PII-079 - PHARMACOKINETIC/PHARMACODYNAMIC MODELING SUPPORTS POTENTIAL QUARTERLY SUBCUTANEOUS DOSING OF TOUR006, A FULLY HUMAN, HIGH-AFFINITY, ANTI-IL-6 MONOCLONAL ANTIBODY FOR ATHEROSCLEROTIC CARDIOVASCULAR DISEASE TREATMENT.

E. deGoma¹, Y. Chyung¹, S. Mehr², S. Debroy², K. Erickson¹, J. Walsh¹, C. Comisar²; ¹Tourmaline Bio, Inc., New York, NY, United States, ²Certara, Radnor, PA, United States.

Background: Extending the dosing interval of preventive therapies remains a key priority of innovation in order to maximize adherence and real-world effectiveness. TOUR006 is a long-acting, fully human, high-affinity mAb against IL-6. In prior Phase 1/2 studies, TOUR006 administered to patients with high-grade inflammatory autoimmune diseases achieved durable reductions in C-reactive protein (CRP), a pharmacodynamic biomarker of IL-6 activity, as assessed by the high-sensitivity (hs) assay. As such, a pharmacokinetic/pharmacodynamic (PK/PD) model was developed to evaluate extended dosing intervals of TOUR006 once every 90 days.

Methods: A PK/PD model was developed from 5 studies of TOUR006 in healthy volunteers (n=46) and patients with rheumatoid arthritis (n=31), Crohn’s disease (n=178), and systemic lupus erythematosus (138) (Li, 2019). Simulations were performed using multiple dosing regimens and by sampling participants from a population with baseline hs-CRP levels of >2 mg/L, a threshold consistent with residual systemic inflammatory risk, and ≤10 mg/L. Sensitivity analyses were performed using sampling populations with higher baseline hs-CRP levels and bodyweight.
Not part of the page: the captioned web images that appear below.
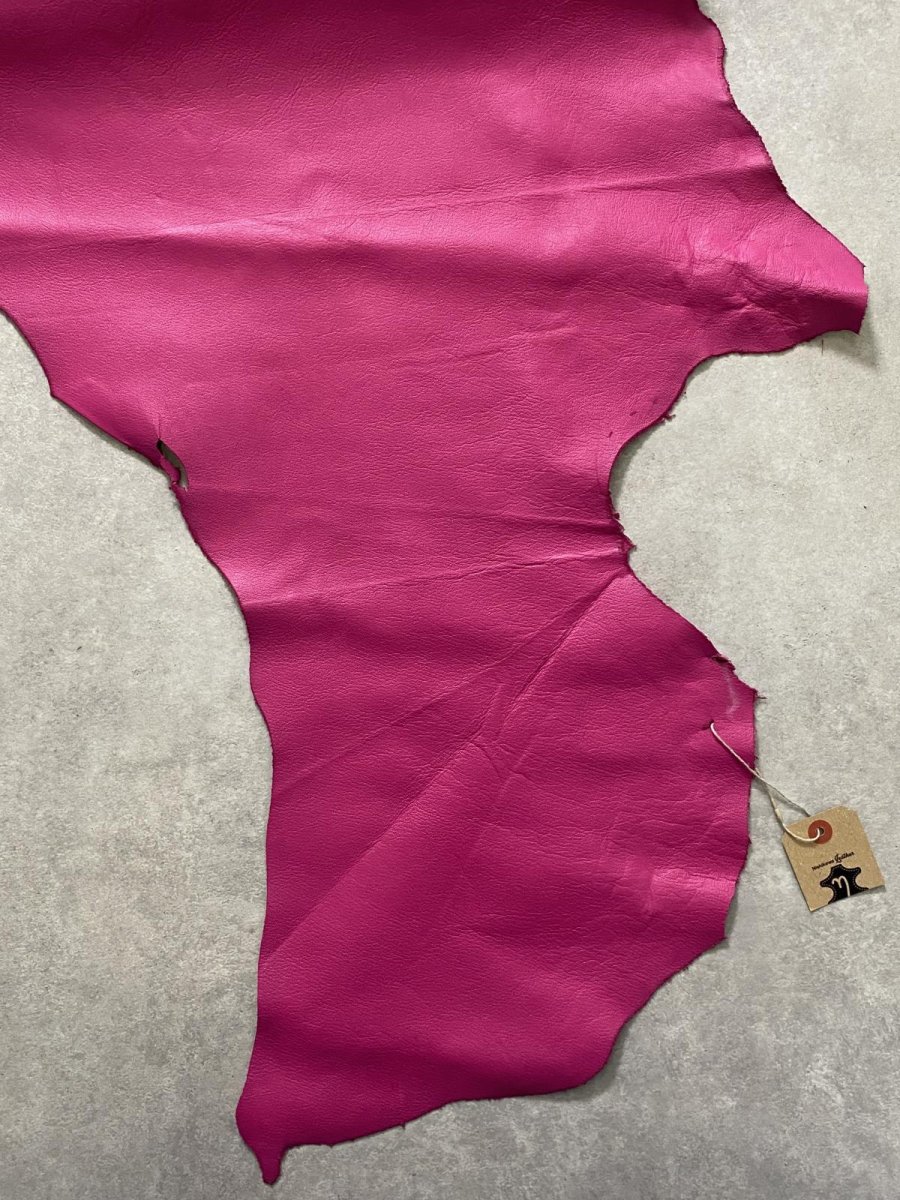 画像10: 牛革　クロームソフト　ショッキングピンク　レザークラフト　 (10)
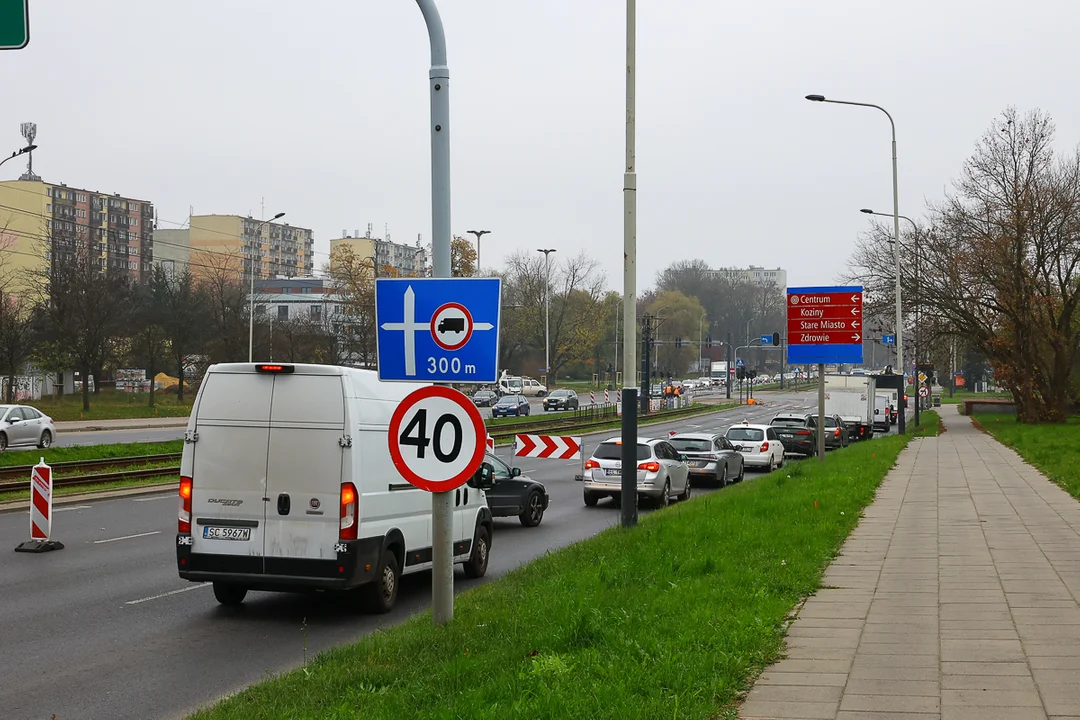 Korki na al. Włókniarzy w Łodzi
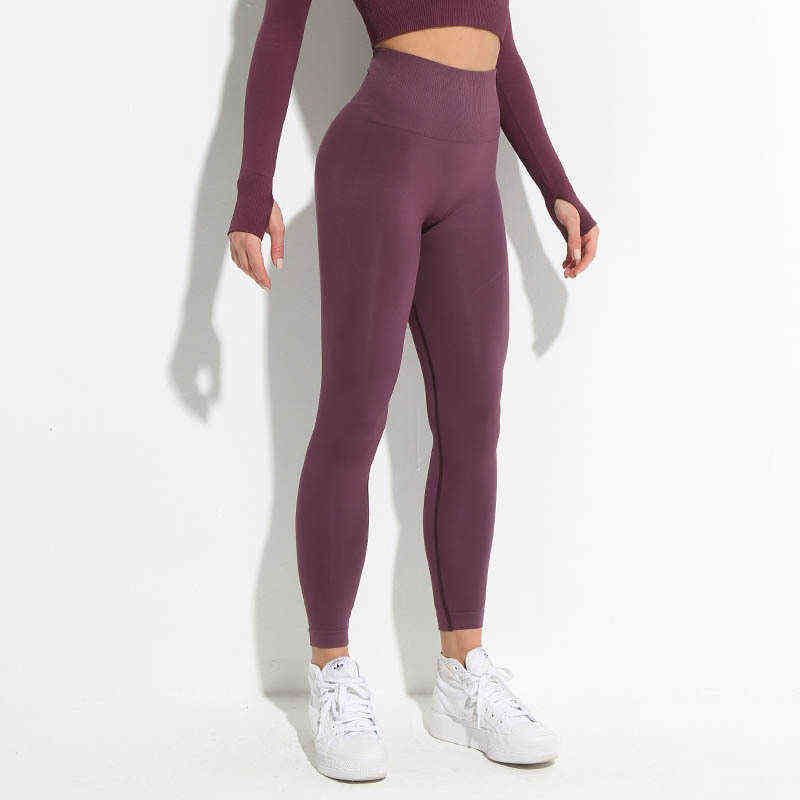 pantalon rouge violet.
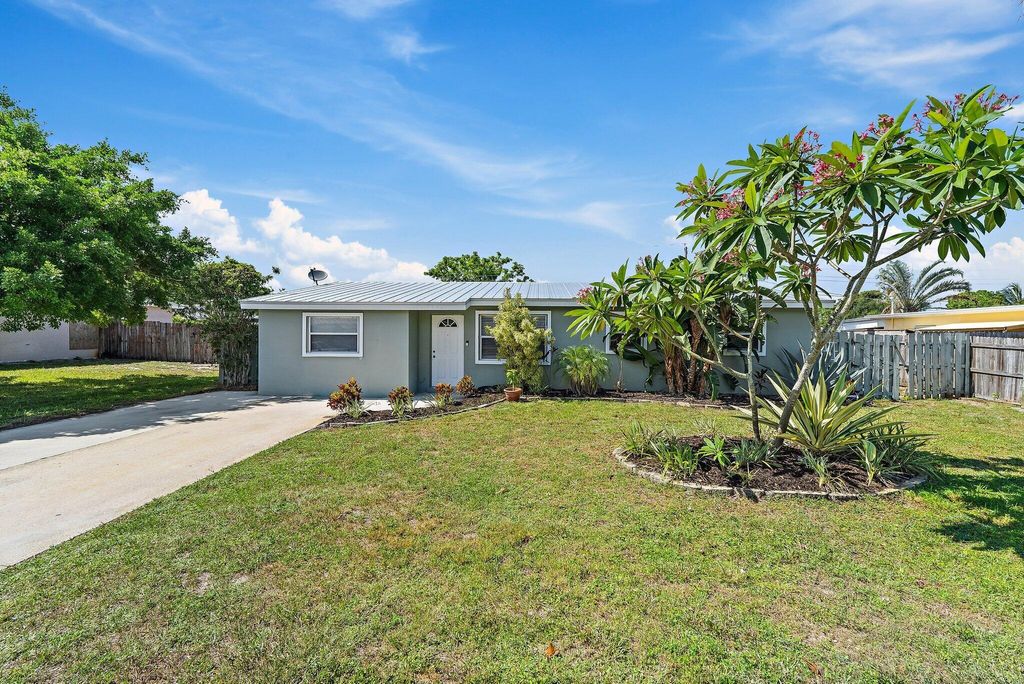Photo of 1157 NW 14th Terrace, Stuart, FL 34994 (MLS # R11101301)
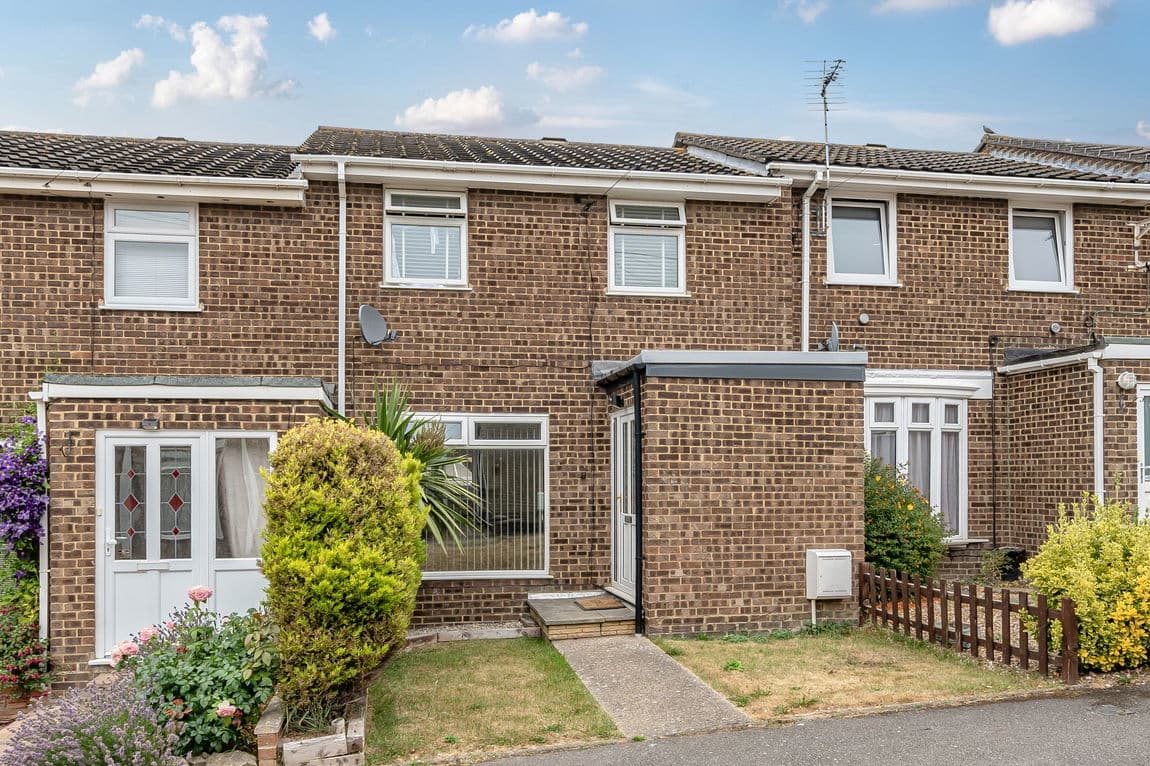 Beautiful Home With Converted Outbuilding – Broadway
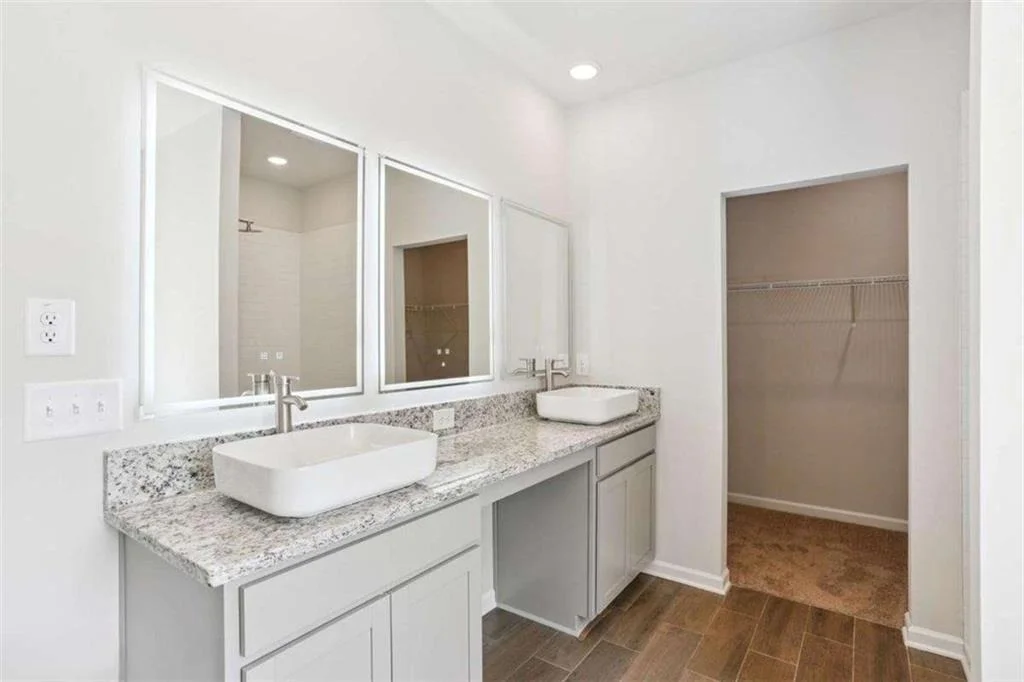 Photo of 476 Orwell Drive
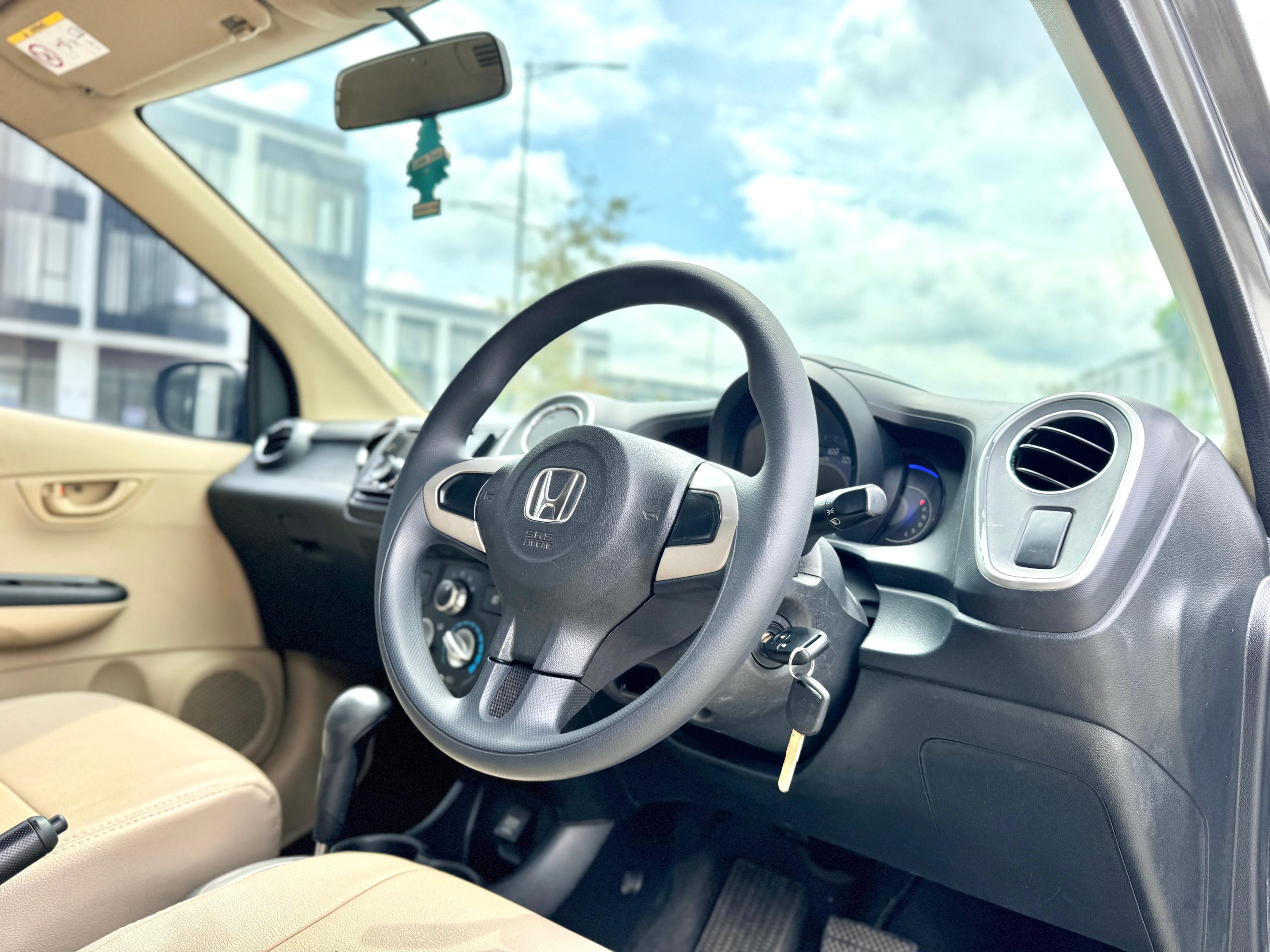 Honda Mobilio E AT Abu - Gambar 8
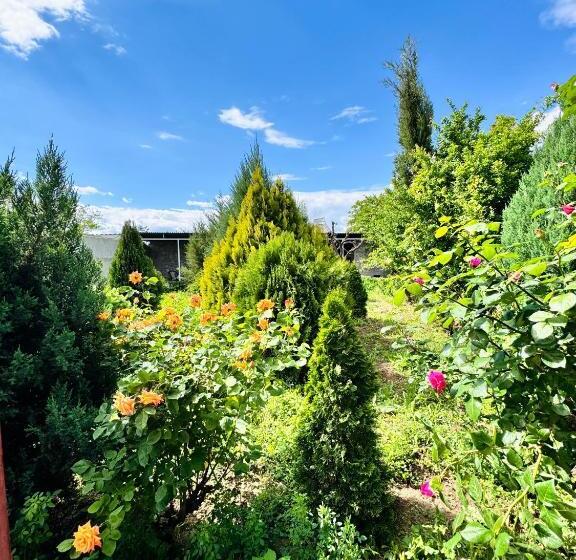 Пансион Garden Evn Airport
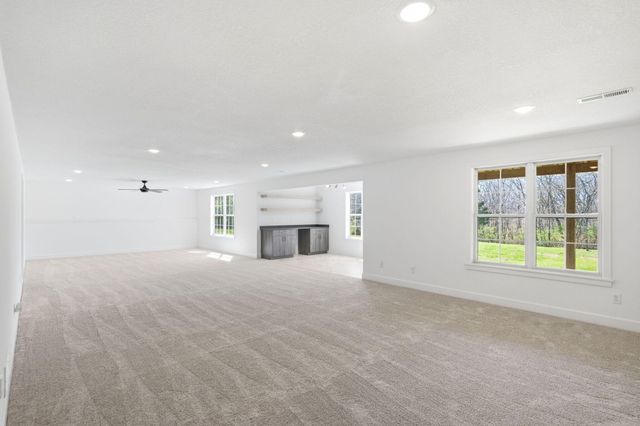 9747 S RTE N, Columbia, MO 65203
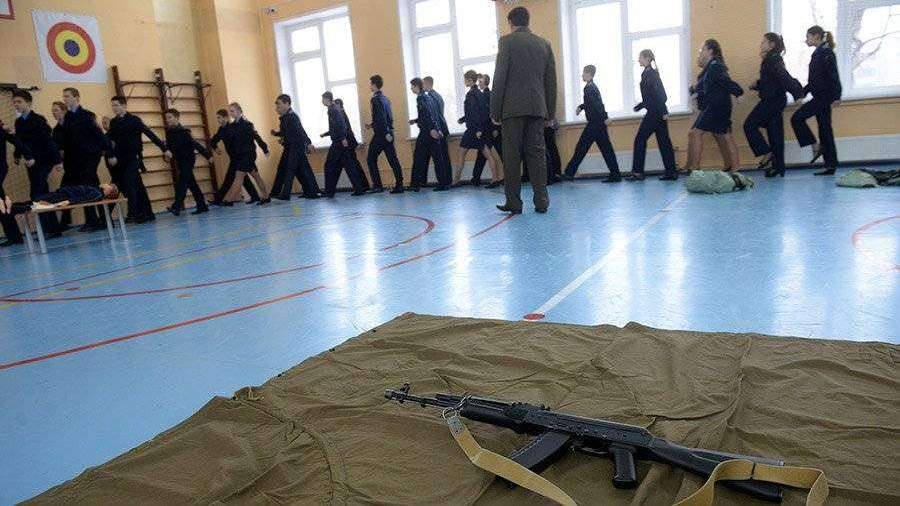 «Ростех» предложил ввести в школах уроки начальной военной подготовки 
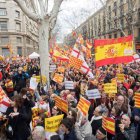 Asistentes a la manifestación convocada ayer por Tabarnia en Barcelona. MARTA PÉREZ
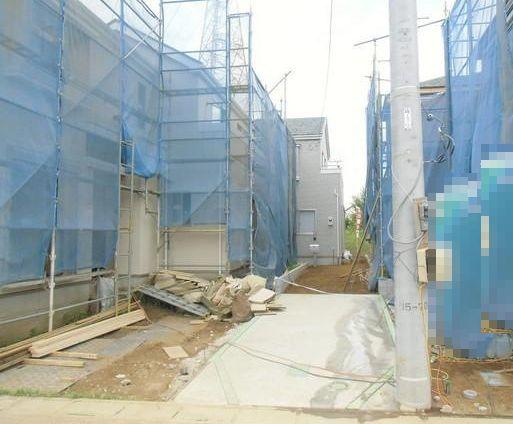 Local appearance photo. Local (12 May 2013) Shooting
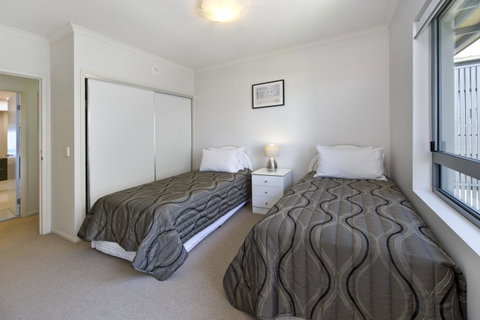 On The Bay Apartments - C Tourism 17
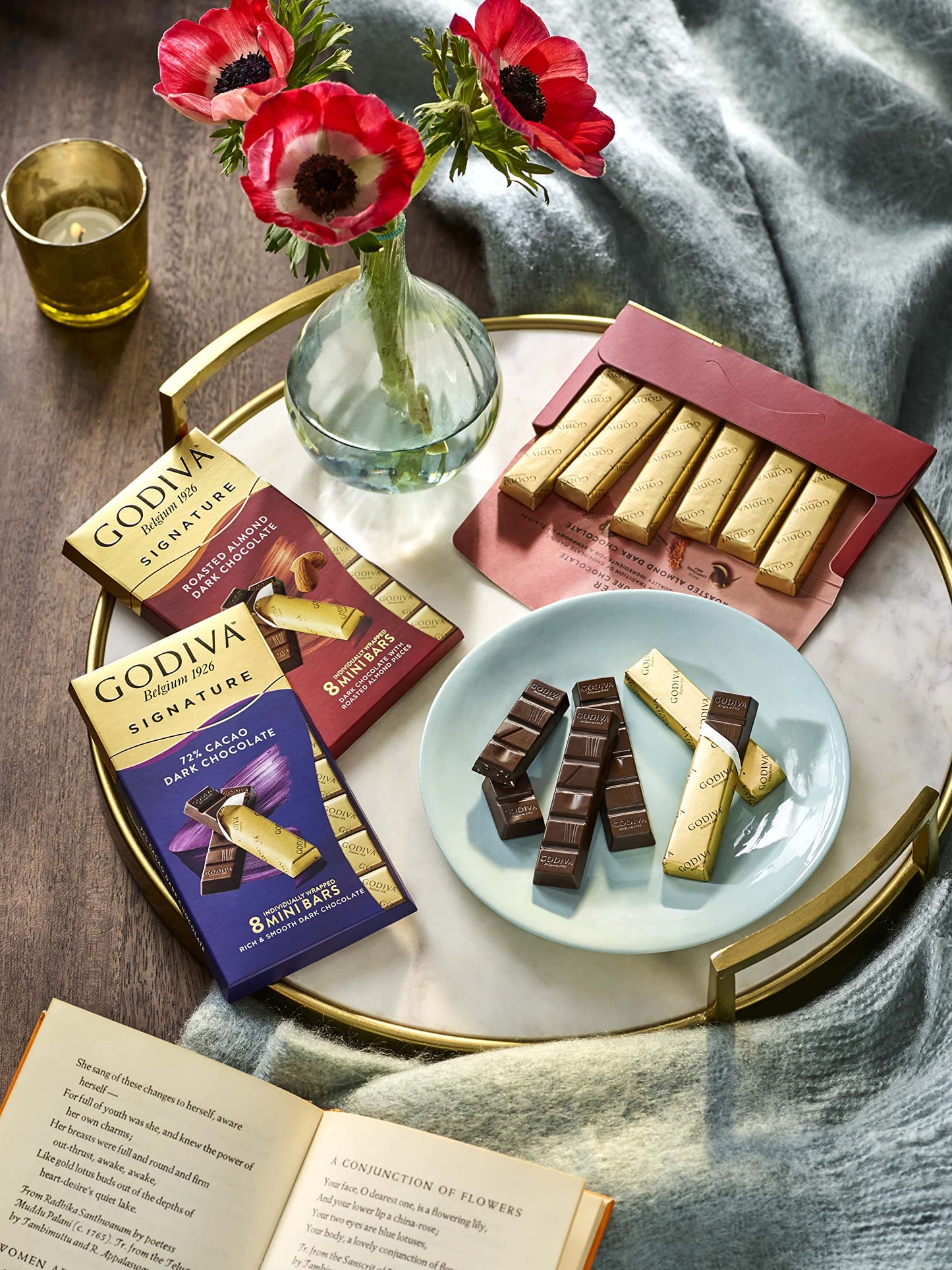 GODIVA Signature Salted Caramel Milk Chocolate Mini Bars 90g With Free Flavourito Kunafa Pistachio Chocolate Bar, 20g By Decadent Foods (Imported Turkey)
Results: At baseline, mean age in the primary sampling population was 53 years, median hsCRP was 4.1 mg/L, and bodyweight was 59 kg. Simulations were performed for TOUR006 SC 50 mg quarterly, 25 mg quarterly, and 15 mg monthly, and the percentage of virtual patients achieving hs-CRP < 2 mg/L at Day 90 was >90%, >85%, and >90%, respectively (Table). Sensitivity analyses of sampling populations with higher baseline median hs-CRP (6.3 mg/L) and bodyweight (102 kg) showed comparable results to the primary analysis.

Conclusion: PK/PD modeling supports the potential for quarterly SC dosing of TOUR006 in patients with systemic inflammation characteristic of ASCVD. The ongoing TRANQUILITY Phase 2 study (NCT06362759) is evaluating quarterly and monthly dosing of TOUR006 in patients with chronic kidney disease and elevated hs-CRP.